It’s just impressive the clarity of Wim Wenders. He frames his images in the camera as well his black eyeglass frame does with him.

In this short sequences taken from Pina (Bausch), 2011, Wim Wenders plays with daylight and the built environment as if he were an architect of light.

With this, I mean that he uses a camera cart on a very still background, which seems to be only a postcard or a theatre upstage, it is absolutely surreal and binds so powerfully cinema and theatre together.

In this melting-pot, there is a very sculptural natural light which frames even more the space, leaving at times deep shadows from the actor only (the curly-haired ballet dancer), at times sculptural and sharp architectural shadows (the tango duo) and at times frame the “stage” with a linear shadow pattern (the dance duo in the winter garden).

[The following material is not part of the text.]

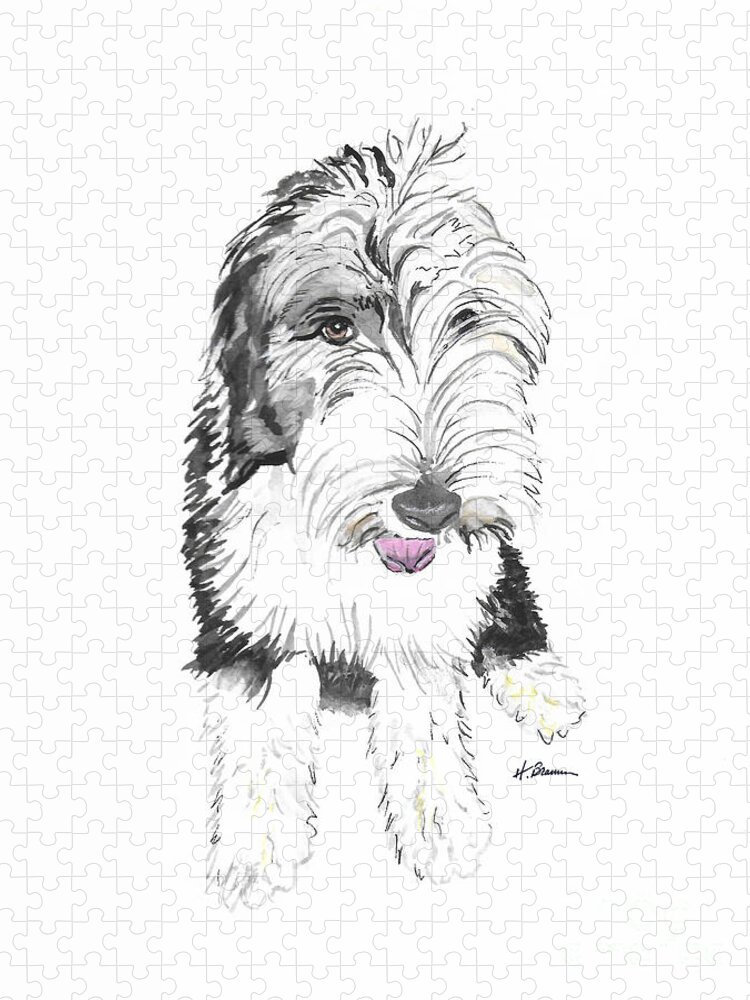 Sheepdog Jigsaw Puzzle featuring the painting Annie by Holly Bartlett Brannan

The choice of very urban, minimalistic and framed spaces, the contrast between the dance and the uninhabited city, helps the architecture to detach from its role of scene container and brings it again on the status of an image. Once more the architecture is a oneiric and Magrittian presence in the cinema.

This use of daylight, architecture, background and foreground (upstage and apron) within the dance filming, has been extremely inspirational for all the professional of my field.

All Wim Wenders estimators will be once more grateful for this special contribution to cinema photography.